June 07, 2013|By Alana Semuels

NEW YORK -- Conventional wisdom said that good news in the jobs market would lead to bad news in the stock market Friday morning. Investors, seeing decent jobs data, would assume that the Federal Reserve would stop pumping money into the economy, and begin to sell off stocks, the theory went.

But little is predictable on Wall Street, and instead, investors turned a decent jobs number into a good run in the stock market, as traders pushed the Dow Jones Industrial Average up more than 100 points in the first 30 minutes of trading. As of 10:01 a.m., the Dow was up 119.91 points, or 0.80%, to 15,160.53. The S&P 500 was up 10.92 points, or 0.67%, to 1,633.85.

Employers added 175,000 jobs in May, the Bureau of Labor Statistics said Friday morning, more than the 169,000 analysts had expected. The unemployment rate ticked up slightly to 7.6% from 7.5% as more people entered the labor force to look for work, showing the unemployed might have some optimism about the economy.

Those numbers were not strong enough to signal that the Federal Reserve will definitely start tapering its stimulus of the economy, hence the early morning strength in the markets. Labor force participation is down, and unemployment is still relatively high. Inflation also hasn’t risen as much as the Fed expected.
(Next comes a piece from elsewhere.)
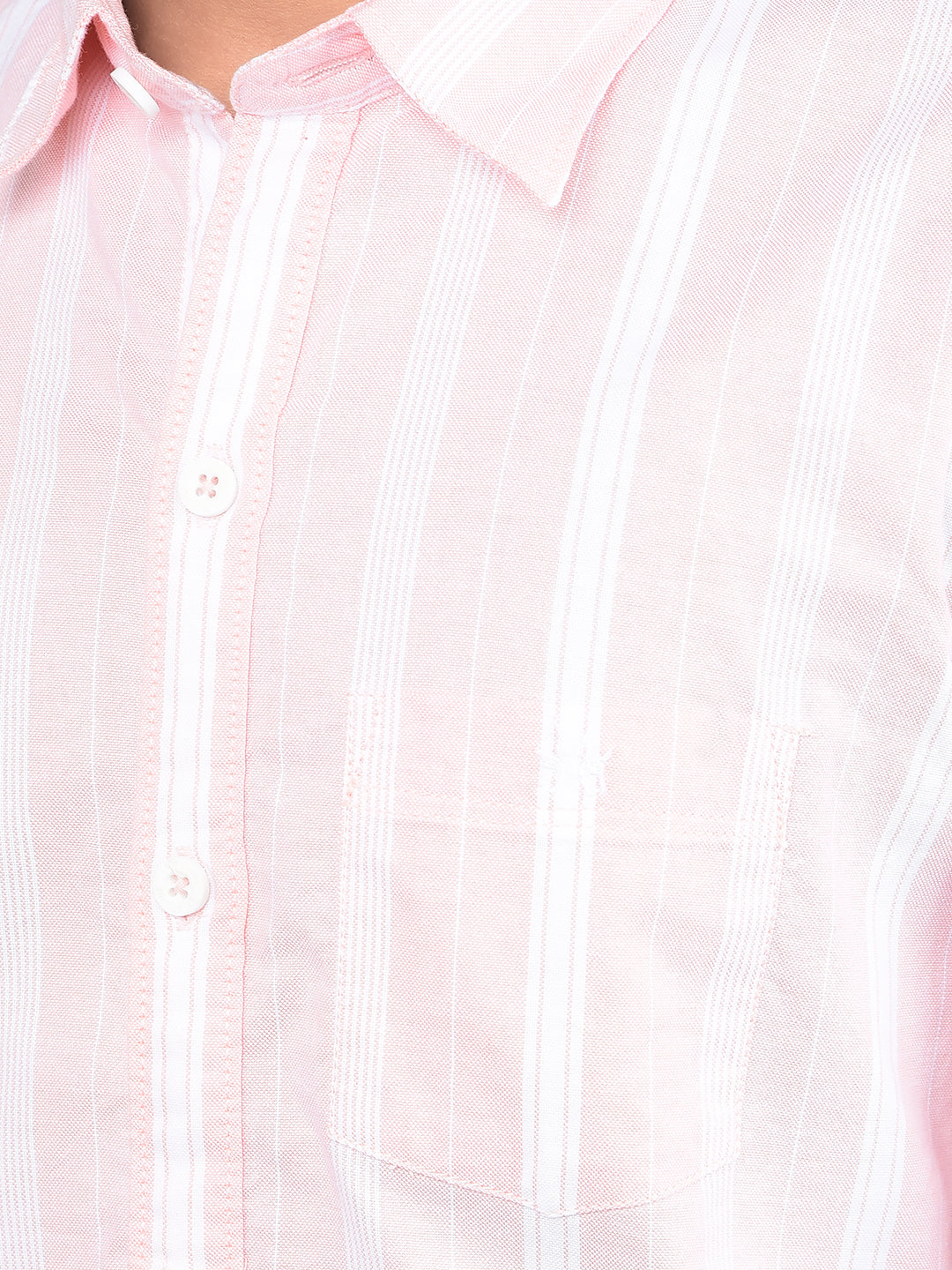 Pink Vertical Stripes 100% Cotton Shirt-Boys Shirts-Crimsoune Club
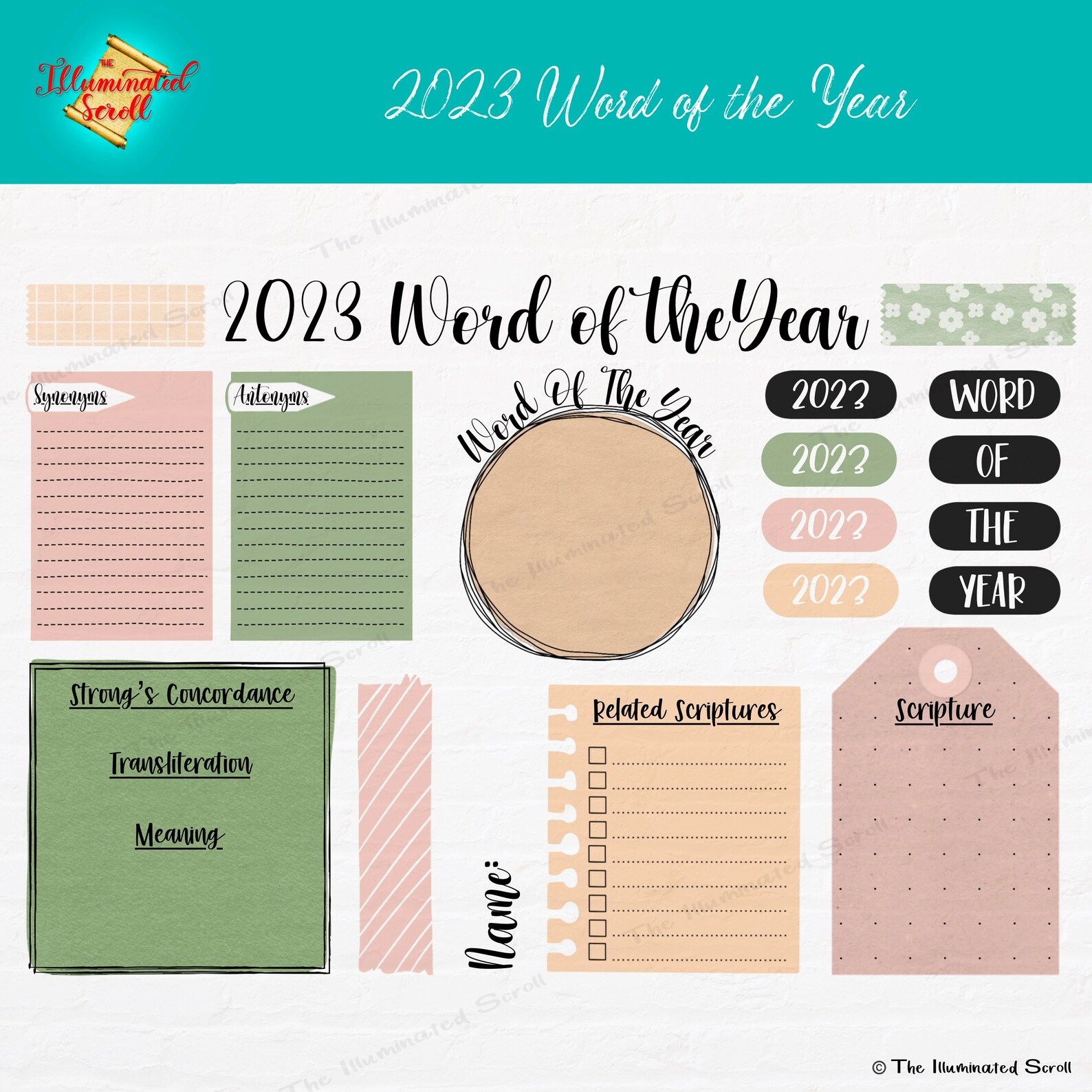 2023 Word of the Year  Customisable - Etsy | Etsy (US)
The Bureau of Labor Statistics said that employers had added fewer jobs in March and April than previously thought.

“The FOMC [Federal Open Market Committee] will remain cautious and not alter its program of asset purchase in the next two meetings (June and July),” wrote Tanweer Akram, a senior economist at ING Investment Management, in a note.
But investors might change their minds as the day goes on, especially after they listen to an interview that former Fed chairman Alan Greenspan gave before the job numbers were released, urging the Fed to begin tapering its stimulus now.
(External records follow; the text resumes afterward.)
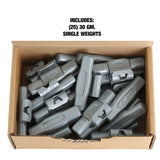 OEMTOOLS 23280 30 gm. EN Style Steel Wheel Weight- 1 Box of 25 Additional Image 4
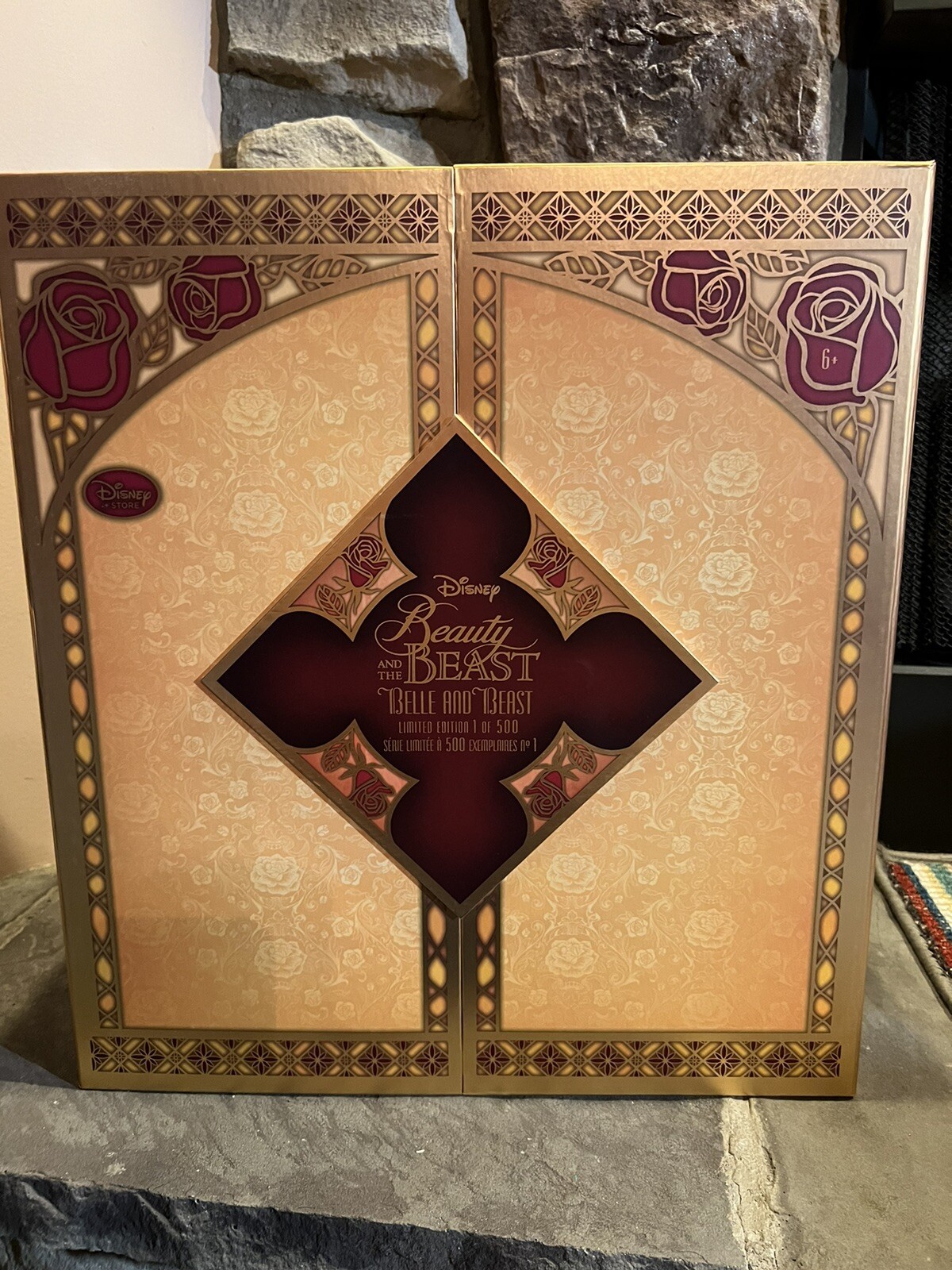 Beauty and the Beast Platinum Doll Set Disney Belle Limited 143 of 500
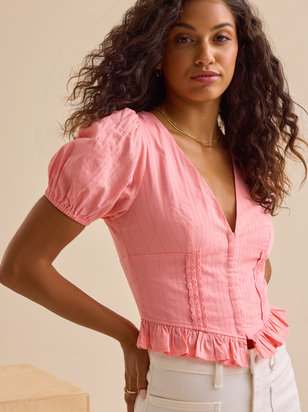 Kat Embroidered Corset Top - ARULA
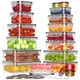 thumbnail image 1 of Recipientes de almacenamiento de alimentos KEMETHY de 36 piezas sin BPA con tapas, 1 of 8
"The sooner we come to grips with this excessive level of assets on the balance sheet of the Federal Reserve—that everybody agrees is excessive—the better," he said in a "Squawk Box" interview on CNBC.
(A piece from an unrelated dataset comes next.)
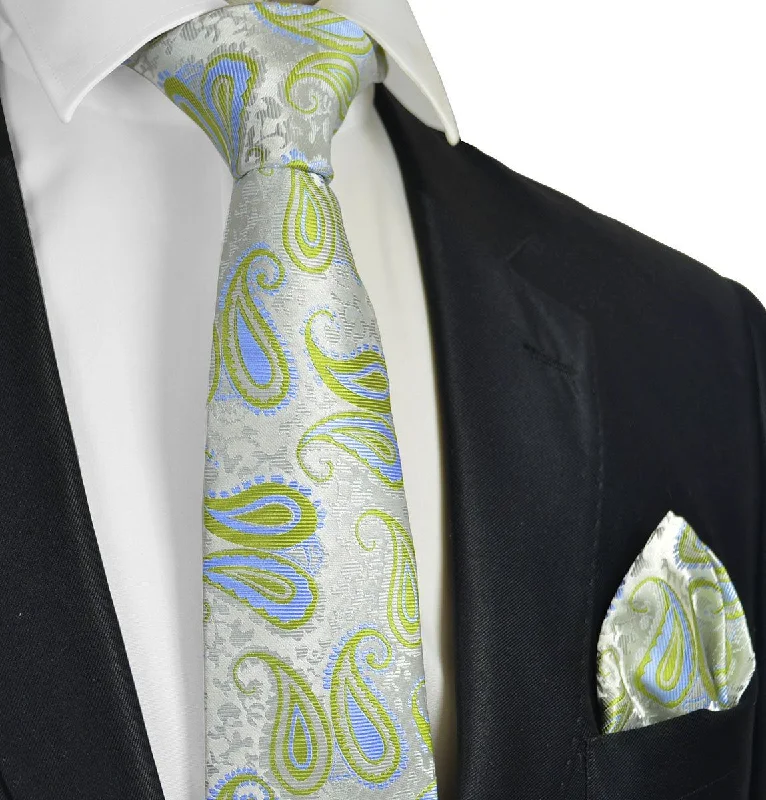 Daiquiri Green Tie and Pocket Square Set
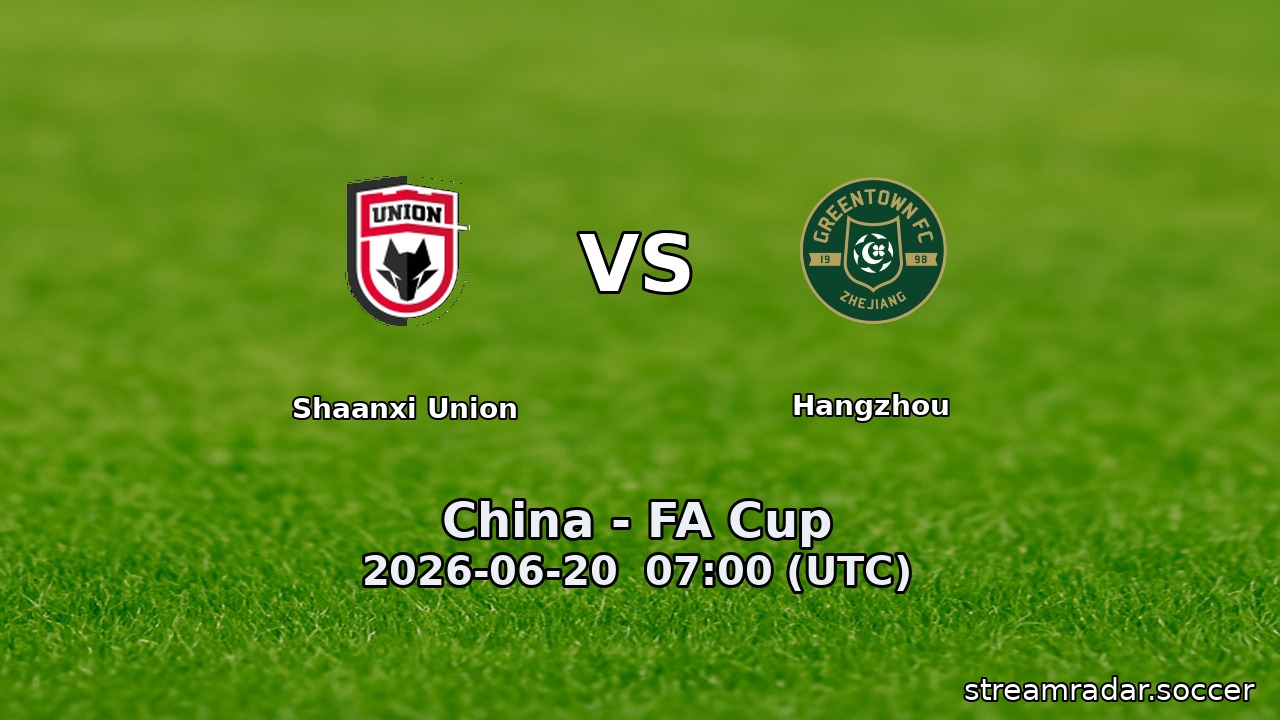 Shaanxi Union vs Hangzhou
Other analysts agreed that they expect to see the Fed’s $85 billion a month bond-buying program end sooner, rather than later.

“From a policy perspective, the Fed may indeed keep up the taper talk not because the economy is booming but precisely because it isn’t,” wrote Steve Blitz, chief economist at ITG Investment Research. “The key is, from the FOMC perspective, that the economy is tilting towards growth rather than contraction.”

Shares of Walmart were up ahead of the company’s annual shareholder meeting; Procter and Gamble and Home Depot also benefited from optimistic traders in the first trades of the morning.